## PROBLEM STATEMENT
Your task is to write out the complete listing exactly as it is shown.

## DATASET SECTION
=-=-=

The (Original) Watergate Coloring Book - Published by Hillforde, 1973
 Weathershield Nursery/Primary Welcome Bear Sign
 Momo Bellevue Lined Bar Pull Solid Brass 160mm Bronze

=-=-=

## ANSWER TO THIS TASK
The (Original) Watergate Coloring Book - Published by Hillforde, 1973
 Weathershield Nursery/Primary Welcome Bear Sign
 Momo Bellevue Lined Bar Pull Solid Brass 160mm Bronze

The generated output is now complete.